/---

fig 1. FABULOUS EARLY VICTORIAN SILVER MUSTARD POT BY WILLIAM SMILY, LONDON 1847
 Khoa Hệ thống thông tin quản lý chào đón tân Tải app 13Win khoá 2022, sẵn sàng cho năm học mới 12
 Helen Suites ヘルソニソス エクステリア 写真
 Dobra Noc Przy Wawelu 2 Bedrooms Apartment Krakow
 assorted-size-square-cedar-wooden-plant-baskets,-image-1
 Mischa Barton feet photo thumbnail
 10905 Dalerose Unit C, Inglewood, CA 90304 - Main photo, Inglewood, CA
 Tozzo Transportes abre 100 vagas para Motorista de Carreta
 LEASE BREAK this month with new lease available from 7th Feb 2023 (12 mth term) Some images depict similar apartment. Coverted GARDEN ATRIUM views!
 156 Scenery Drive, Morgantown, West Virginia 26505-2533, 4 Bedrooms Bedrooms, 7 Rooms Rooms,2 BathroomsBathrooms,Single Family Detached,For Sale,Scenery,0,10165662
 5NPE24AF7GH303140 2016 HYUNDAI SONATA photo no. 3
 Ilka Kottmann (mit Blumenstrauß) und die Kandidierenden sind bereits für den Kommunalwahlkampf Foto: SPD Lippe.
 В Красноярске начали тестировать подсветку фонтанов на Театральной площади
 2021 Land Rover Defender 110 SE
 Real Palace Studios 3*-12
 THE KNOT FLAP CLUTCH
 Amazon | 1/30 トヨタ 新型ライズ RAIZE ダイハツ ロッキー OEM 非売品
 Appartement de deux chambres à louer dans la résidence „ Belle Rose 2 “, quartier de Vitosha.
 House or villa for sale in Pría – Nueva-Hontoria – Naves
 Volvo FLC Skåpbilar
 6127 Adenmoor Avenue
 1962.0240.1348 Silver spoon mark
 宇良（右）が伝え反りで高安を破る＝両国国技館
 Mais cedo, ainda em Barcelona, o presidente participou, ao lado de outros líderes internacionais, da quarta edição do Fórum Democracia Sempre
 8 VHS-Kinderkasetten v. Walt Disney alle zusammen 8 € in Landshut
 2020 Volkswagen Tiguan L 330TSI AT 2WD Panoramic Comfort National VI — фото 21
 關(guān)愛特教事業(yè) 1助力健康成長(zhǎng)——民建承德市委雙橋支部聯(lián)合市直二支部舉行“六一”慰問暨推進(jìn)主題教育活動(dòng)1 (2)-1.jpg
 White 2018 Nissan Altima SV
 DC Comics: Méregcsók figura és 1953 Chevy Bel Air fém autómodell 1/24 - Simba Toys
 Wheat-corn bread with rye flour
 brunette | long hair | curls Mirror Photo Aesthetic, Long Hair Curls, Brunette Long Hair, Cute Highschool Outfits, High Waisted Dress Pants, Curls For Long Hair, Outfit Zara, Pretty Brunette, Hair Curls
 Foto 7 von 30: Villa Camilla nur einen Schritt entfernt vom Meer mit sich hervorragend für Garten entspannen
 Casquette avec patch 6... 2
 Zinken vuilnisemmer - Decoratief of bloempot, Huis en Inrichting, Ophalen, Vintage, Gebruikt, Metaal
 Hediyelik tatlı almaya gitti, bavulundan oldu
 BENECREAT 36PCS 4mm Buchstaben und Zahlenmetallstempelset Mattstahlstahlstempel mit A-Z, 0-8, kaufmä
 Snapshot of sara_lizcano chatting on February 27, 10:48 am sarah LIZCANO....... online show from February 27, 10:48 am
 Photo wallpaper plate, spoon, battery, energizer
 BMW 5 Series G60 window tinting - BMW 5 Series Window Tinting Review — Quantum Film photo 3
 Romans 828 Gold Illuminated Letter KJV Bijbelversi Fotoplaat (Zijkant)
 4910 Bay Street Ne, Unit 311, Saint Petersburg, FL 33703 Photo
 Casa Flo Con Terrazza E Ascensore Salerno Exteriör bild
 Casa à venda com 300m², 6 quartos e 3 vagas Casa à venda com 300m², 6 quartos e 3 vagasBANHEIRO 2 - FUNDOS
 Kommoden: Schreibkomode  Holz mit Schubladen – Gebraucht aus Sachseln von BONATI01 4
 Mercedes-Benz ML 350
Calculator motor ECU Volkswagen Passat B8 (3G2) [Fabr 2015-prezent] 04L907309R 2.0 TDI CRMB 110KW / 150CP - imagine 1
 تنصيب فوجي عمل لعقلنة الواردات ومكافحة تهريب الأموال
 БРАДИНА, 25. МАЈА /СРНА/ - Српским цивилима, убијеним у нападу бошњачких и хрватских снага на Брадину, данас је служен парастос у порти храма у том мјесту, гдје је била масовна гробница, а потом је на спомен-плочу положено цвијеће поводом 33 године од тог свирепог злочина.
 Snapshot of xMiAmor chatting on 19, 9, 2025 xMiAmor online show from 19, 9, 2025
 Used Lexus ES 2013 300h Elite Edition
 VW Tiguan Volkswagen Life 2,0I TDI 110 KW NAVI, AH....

\---

Output the records in full. Match them exactly.

fig 1. FABULOUS EARLY VICTORIAN SILVER MUSTARD POT BY WILLIAM SMILY, LONDON 1847
 Khoa Hệ thống thông tin quản lý chào đón tân Tải app 13Win khoá 2022, sẵn sàng cho năm học mới 12
 Helen Suites ヘルソニソス エクステリア 写真
 Dobra Noc Przy Wawelu 2 Bedrooms Apartment Krakow
 assorted-size-square-cedar-wooden-plant-baskets,-image-1
 Mischa Barton feet photo thumbnail
 10905 Dalerose Unit C, Inglewood, CA 90304 - Main photo, Inglewood, CA
 Tozzo Transportes abre 100 vagas para Motorista de Carreta
 LEASE BREAK this month with new lease available from 7th Feb 2023 (12 mth term) Some images depict similar apartment. Coverted GARDEN ATRIUM views!
 156 Scenery Drive, Morgantown, West Virginia 26505-2533, 4 Bedrooms Bedrooms, 7 Rooms Rooms,2 BathroomsBathrooms,Single Family Detached,For Sale,Scenery,0,10165662
 5NPE24AF7GH303140 2016 HYUNDAI SONATA photo no. 3
 Ilka Kottmann (mit Blumenstrauß) und die Kandidierenden sind bereits für den Kommunalwahlkampf Foto: SPD Lippe.
 В Красноярске начали тестировать подсветку фонтанов на Театральной площади
 2021 Land Rover Defender 110 SE
 Real Palace Studios 3*-12
 THE KNOT FLAP CLUTCH
 Amazon | 1/30 トヨタ 新型ライズ RAIZE ダイハツ ロッキー OEM 非売品
 Appartement de deux chambres à louer dans la résidence „ Belle Rose 2 “, quartier de Vitosha.
 House or villa for sale in Pría – Nueva-Hontoria – Naves
 Volvo FLC Skåpbilar
 6127 Adenmoor Avenue
 1962.0240.1348 Silver spoon mark
 宇良（右）が伝え反りで高安を破る＝両国国技館
 Mais cedo, ainda em Barcelona, o presidente participou, ao lado de outros líderes internacionais, da quarta edição do Fórum Democracia Sempre
 8 VHS-Kinderkasetten v. Walt Disney alle zusammen 8 € in Landshut
 2020 Volkswagen Tiguan L 330TSI AT 2WD Panoramic Comfort National VI — фото 21
 關(guān)愛特教事業(yè) 1助力健康成長(zhǎng)——民建承德市委雙橋支部聯(lián)合市直二支部舉行“六一”慰問暨推進(jìn)主題教育活動(dòng)1 (2)-1.jpg
 White 2018 Nissan Altima SV
 DC Comics: Méregcsók figura és 1953 Chevy Bel Air fém autómodell 1/24 - Simba Toys
 Wheat-corn bread with rye flour
 brunette | long hair | curls Mirror Photo Aesthetic, Long Hair Curls, Brunette Long Hair, Cute Highschool Outfits, High Waisted Dress Pants, Curls For Long Hair, Outfit Zara, Pretty Brunette, Hair Curls
 Foto 7 von 30: Villa Camilla nur einen Schritt entfernt vom Meer mit sich hervorragend für Garten entspannen
 Casquette avec patch 6... 2
 Zinken vuilnisemmer - Decoratief of bloempot, Huis en Inrichting, Ophalen, Vintage, Gebruikt, Metaal
 Hediyelik tatlı almaya gitti, bavulundan oldu
 BENECREAT 36PCS 4mm Buchstaben und Zahlenmetallstempelset Mattstahlstahlstempel mit A-Z, 0-8, kaufmä
 Snapshot of sara_lizcano chatting on February 27, 10:48 am sarah LIZCANO....... online show from February 27, 10:48 am
 Photo wallpaper plate, spoon, battery, energizer
 BMW 5 Series G60 window tinting - BMW 5 Series Window Tinting Review — Quantum Film photo 3
 Romans 828 Gold Illuminated Letter KJV Bijbelversi Fotoplaat (Zijkant)
 4910 Bay Street Ne, Unit 311, Saint Petersburg, FL 33703 Photo
 Casa Flo Con Terrazza E Ascensore Salerno Exteriör bild
 Casa à venda com 300m², 6 quartos e 3 vagas Casa à venda com 300m², 6 quartos e 3 vagasBANHEIRO 2 - FUNDOS
 Kommoden: Schreibkomode  Holz mit Schubladen – Gebraucht aus Sachseln von BONATI01 4
 Mercedes-Benz ML 350
Calculator motor ECU Volkswagen Passat B8 (3G2) [Fabr 2015-prezent] 04L907309R 2.0 TDI CRMB 110KW / 150CP - imagine 1
 تنصيب فوجي عمل لعقلنة الواردات ومكافحة تهريب الأموال
 БРАДИНА, 25. МАЈА /СРНА/ - Српским цивилима, убијеним у нападу бошњачких и хрватских снага на Брадину, данас је служен парастос у порти храма у том мјесту, гдје је била масовна гробница, а потом је на спомен-плочу положено цвијеће поводом 33 године од тог свирепог злочина.
 Snapshot of xMiAmor chatting on 19, 9, 2025 xMiAmor online show from 19, 9, 2025
 Used Lexus ES 2013 300h Elite Edition
 VW Tiguan Volkswagen Life 2,0I TDI 110 KW NAVI, AH....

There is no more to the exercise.